It is rather well-known that the number of up-down walks that start at $0$ and stay nonnegative until ending at $0$ after $2n$ steps is the $n$th Catalan number, $C_n=\frac{1}{n+1}\binom{2n}{n}$. Such paths, in which we either go up by $1$ or down by $1$ at each step and never fall below the $x$-axis, are called Dyck paths. An example for $n=5$ is shown below.
What is not so well-known is that:
The number of up-down walks of length $2n$ that stay nonnegative, but do not necessarily return to $0$ at the end, is simply $\binom{2n}{n}$.
This fact came up in my research a few days ago, and I figured that this had to be a trivial theorem that was easy to prove. Several hours of failed attempts later, I found myself googling “positive walks central binomial coefficients” and came across a wonderful recent paper of M. van Leeuwen.

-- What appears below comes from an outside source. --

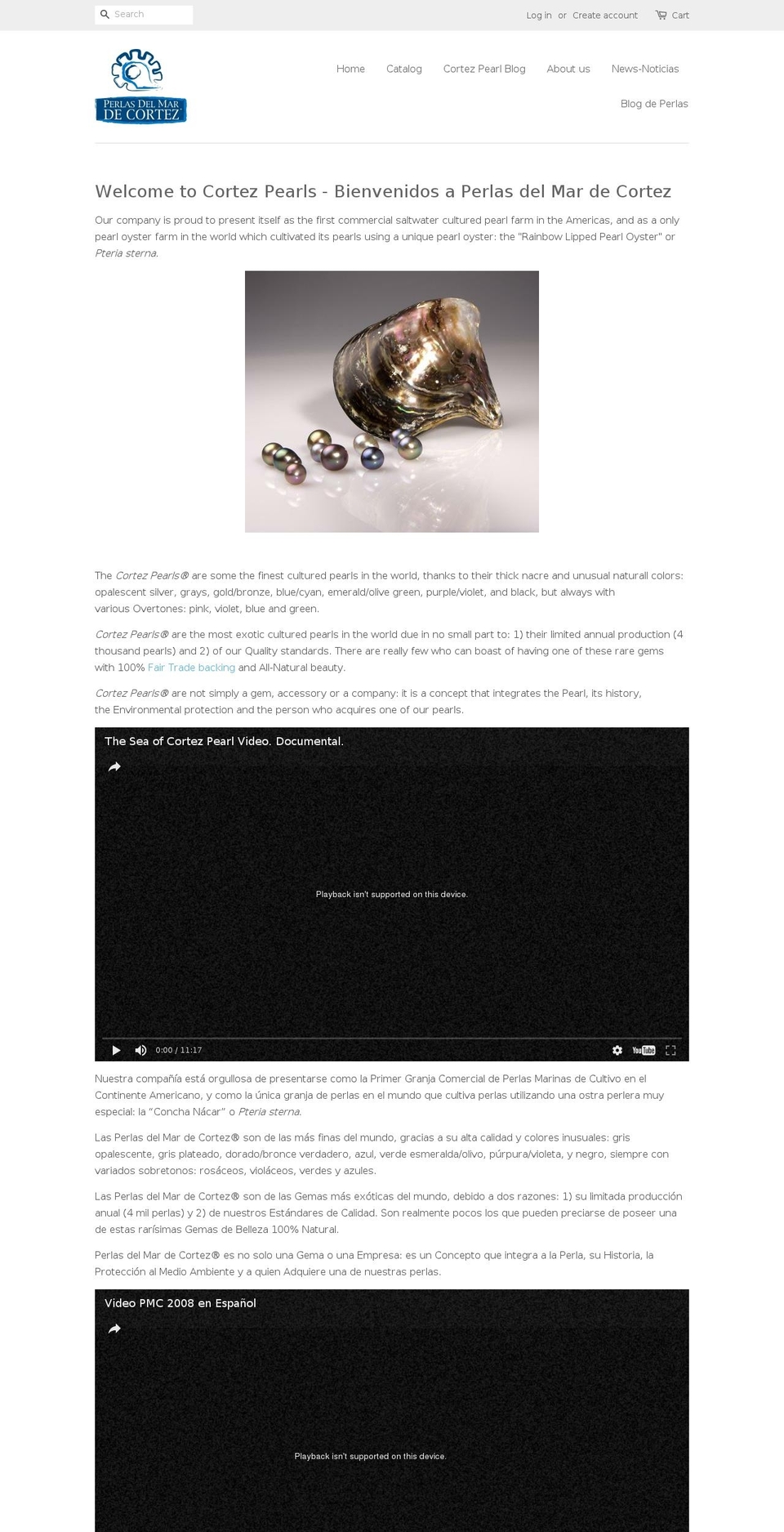perlasmexicanas.com shopify website screenshot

He describes a bijective way of proving this fact by matching the walks with the recurrent (returning-to-zero) walks that are not necessarily positive. Clearly there are $\binom{2n}{n}$ such walks of the latter sort, since they can be thought of as walks from one corner to the opposite corner on a rotated $n\times n$ grid.

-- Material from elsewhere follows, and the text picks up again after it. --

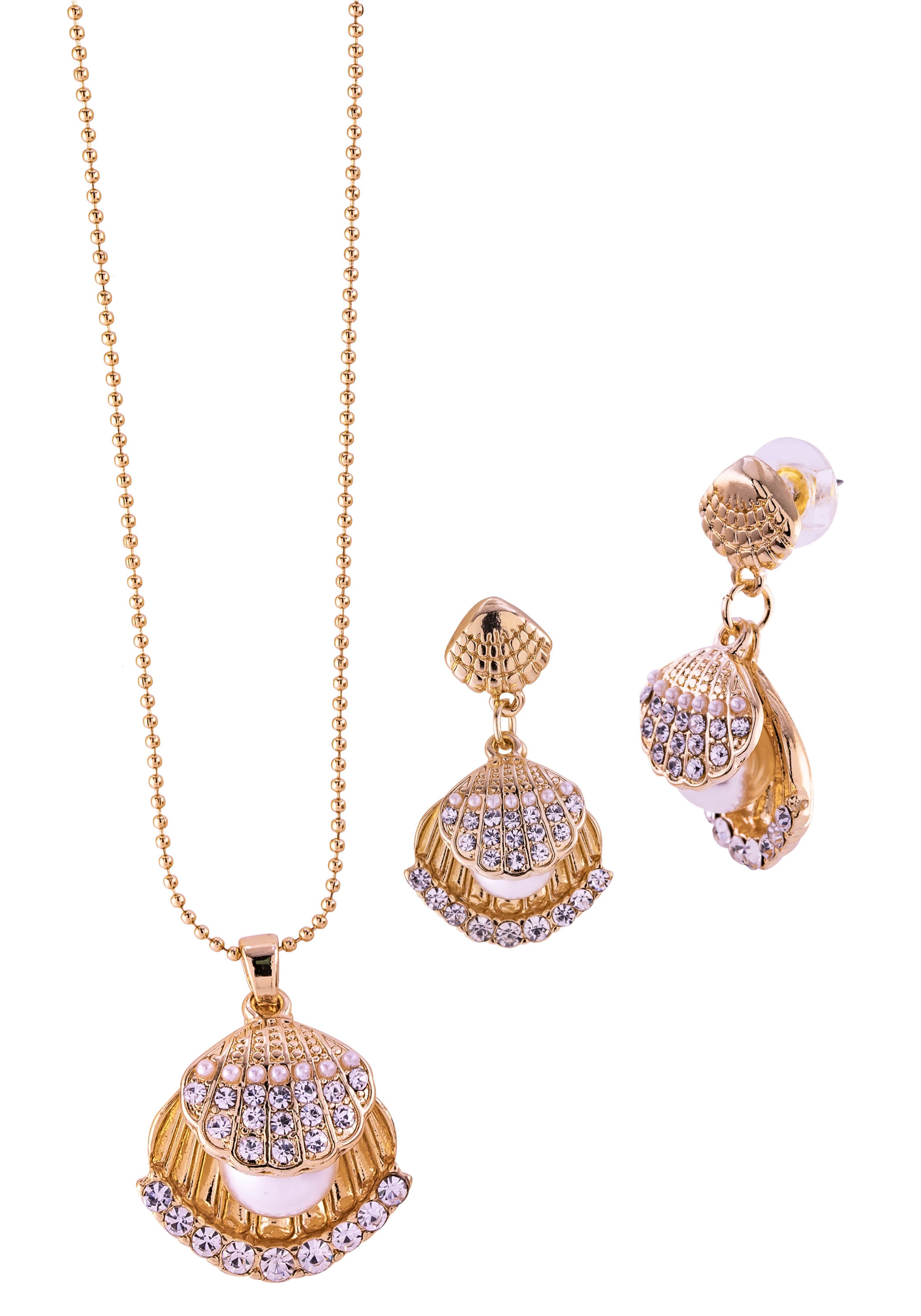 Parure de bijoux J. Jayz en or : devant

To construct the bijection, consider any recurrent walk from $0$ to $2n$. If the walk is already positive, simply map it to itself. If the walk becomes negative at any point, consider the first times the walk reaches $-1,-2,\ldots,-d$, where $-d$ is the minimum value of the walk. The step just before each of these positions must have been a down-step, and by simply changing each of these $d$ down-steps to an up-step, we end up with a positive walk of length $2n$.

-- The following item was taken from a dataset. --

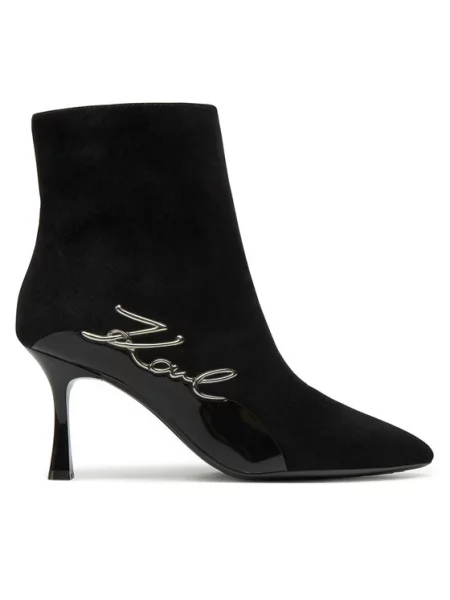 Polokozačky KARL LAGERFELD černé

To see that this is bijective, notice that if we had flipped $d$ of the down-steps of the recurrent walk, the last step of the new walk ends at height $2d$. So, to reverse the process, let $2d$ be the ending height of a given positive walk, and we wish to flip $d$ of the up-steps back to down-steps. But the ones we had flipped must be the steps following the last visits to heights $0,1,2,\ldots,d-1$ in the positive walk, by the above construction, so we simply find these visits and flip down the steps following each of them. Beautiful!
Hi Maria,
Very nice! This reminds me very much of the following problem: given a positive integer n, construct a bijection from the n-subsets of [2n+1] to the (n+1)-subsets of [2n+1] such that every n-subset is contained in its image.
Steven
I’ve seen this bijection rediscovered and reproven so many times now that I start to wonder where it appeared first. The earliest mention I know is in Christian Stump’s 2008 PhD thesis, Proposition 2.33., but clearly it must have been around way longer.
Interesting, glad to hear the alternate reference. I think it’s often re-proven because you usually don’t see it mentioned in the standard combinatorics texts. Hopefully a combinatorics text will come out that includes it, so that we can have a standard reference for it.